Date of Award


Document Type


Degree Name

Master of Medicine (MMed)


Pathology (East Africa)


Introduction: Lymphoma diagnosis integrates clinical, morphological, immunophenotypical and molecular genetic features as evident from the World Health Organization (WHO) classification of lymphoid malignancies.(1, 2) Although it is standard practice for histopathology laboratories in developed countries to confirm and further sub classify lymphomas using immunohistochemistry and other molecular techniques, the same is not true for developing countries like Kenya. The reasons that prevent the performance of these tests are the prohibitive costs and inadequate trained personnel.

Objectives: The aims of this study were to retrospectively classify lymphomas diagnosed at The Aga Khan University Hospital (AKUHN) Laboratory based on the WHO classification system and to describe the demographic and clinical characteristics of the patients.

Methods: Tissue blocks of 103 consecutive, lymphoma specimens received between 1st January 2007 and 31st December 2008 were retrieved from the archives at the Department of Pathology. Haematoxylin and Eosin slides were prepared and reviewed for purposes of confirmation and morphologic classification. Immunohistochemical expression for various lymphoma markers were assessed and scored. Findings were correlated with relevant demographic, pathologic and clinical data.
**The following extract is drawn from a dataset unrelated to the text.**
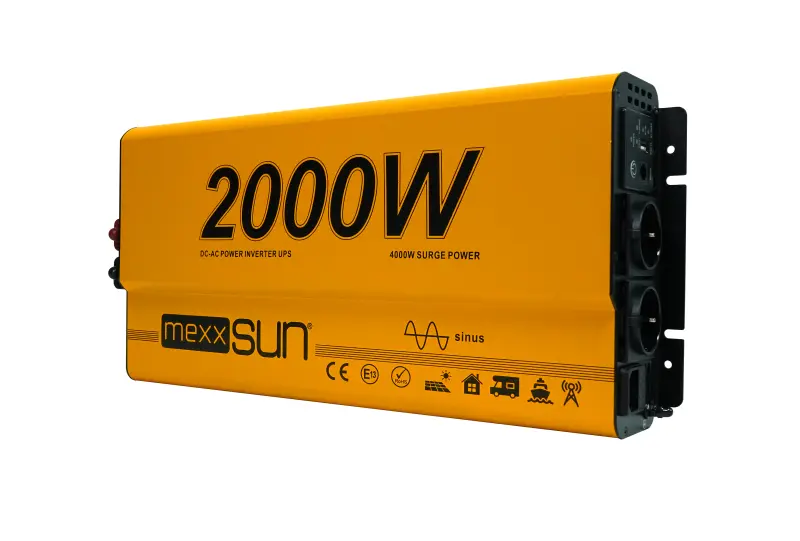 Tam Sinüs Ups (remote Ekran) 12v 2000w-detail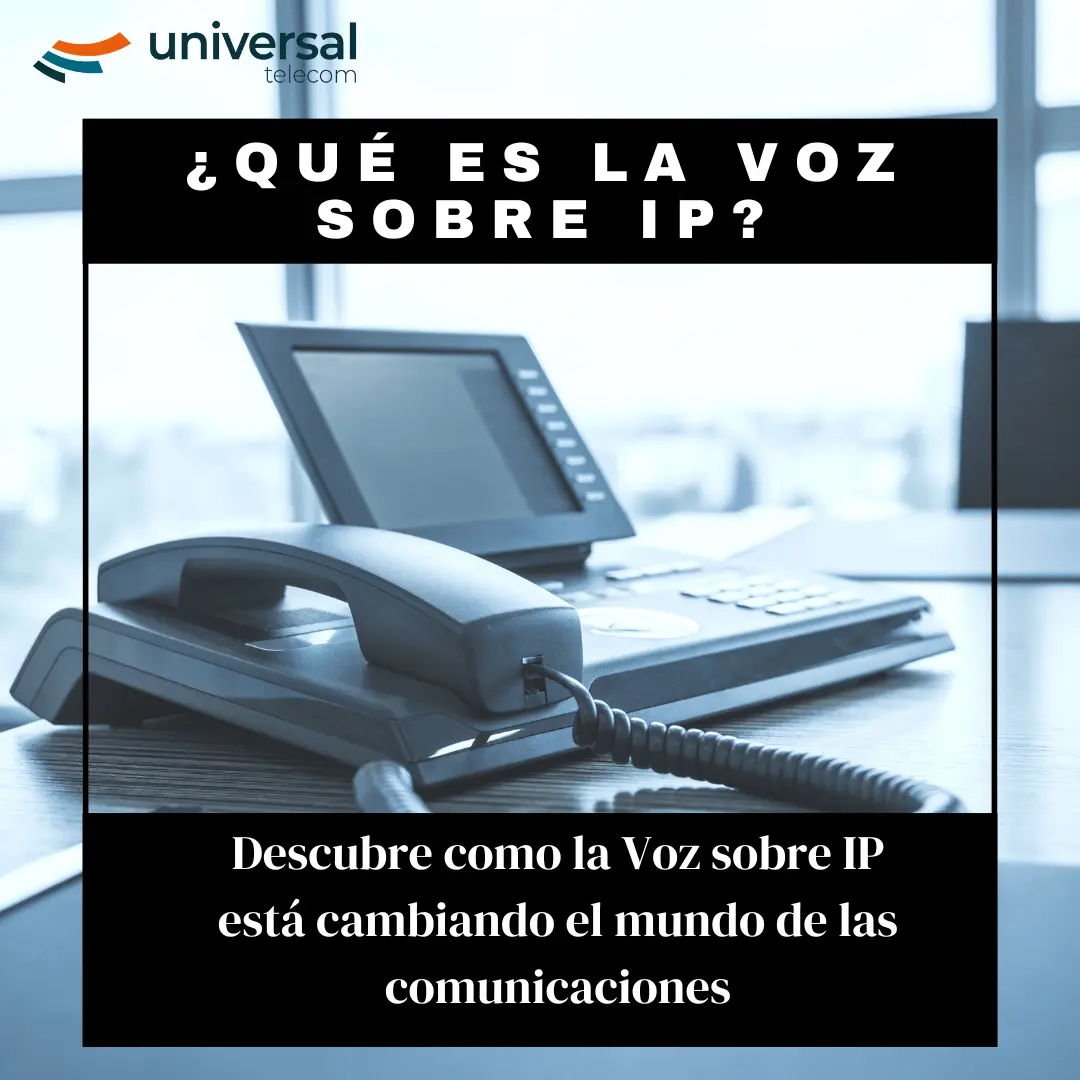 ¿Qué es una voz IP?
Data Management and Analysis: Raw data was entered into Microsoft excel data sheets and subsequently analyzed using Statistical Package for Social Sciences (SPSS) version 17.0 database.

Results: A total of 103 cases were analyzed. 79 cases representing 76.7% of the studied population were classified as Non Hodgkin lymphoma (NHL), 22 cases representing 21.4% of the study population were diagnosed as Hodgkin lymphoma (HL), while 2 cases representing 1.9% of the study population were diagnosed as Non hematological malignancies.

Diffuse large B cell lymphoma (DLBCL) represented 63% of all NHL cases. The second most common subtype was Burkitt lymphoma (BL) with 8 cases representing 10.1% of all NHL cases, followed by chronic lymphocytic leukemia (CLL) and acute lymphocytic leukemia (ALL) with 6 cases each. There were 3 cases of Mucosal associated lymphoid tissue (MALT) lymphoma, 3 cases of Plasmacytoma and 1 case of Follicular lymphoma (FL).

Of the 22 cases of HL, 19 cases (86.4%) were of the classical subtype while 3 (13.6%) were Hodgkin Lymphoma - Nodular Lymphocyte Predominant (HLNLP) subtype. All the 19 cases of classical subtype (100%) showed positivity for LMP1 Protein indicating Epstein Barr Virus (EBV) infection, whereas all the 3 cases of HLNLP were negative for LMP1.

One case which did not take up immunohistochemical stain due to poor tissue fixation was labeled as “favor NHL” by a consensus panel. This case was included in the NHL group

Conclusion: Independent of HIV status, DLBCL was the most common NHL subtype accounting for 64.6% of all NHL cases and 50.5% of all lymphomas.

In contrast to western countries in which it occurs more frequently in the elderly,(2) 49 % of all DLBCL cases in this study occurred in patients aged 40 years or younger. Overall, 60 % of all Lymphomas occurred in patients aged 40 years or under while 50 % of all HL cases occurred in patients aged 30 years or younger.

The results of this study also show that, EBV appears to play a more direct role in the pathogenesis of HL, as it does for endemic Burkitt lymphoma (BL).(3)

This study also highlights the importance of standardized pre analytical, analytical and post analytical variables so that an accurate, timely and well communicated diagnosis can be relayed to the clinician.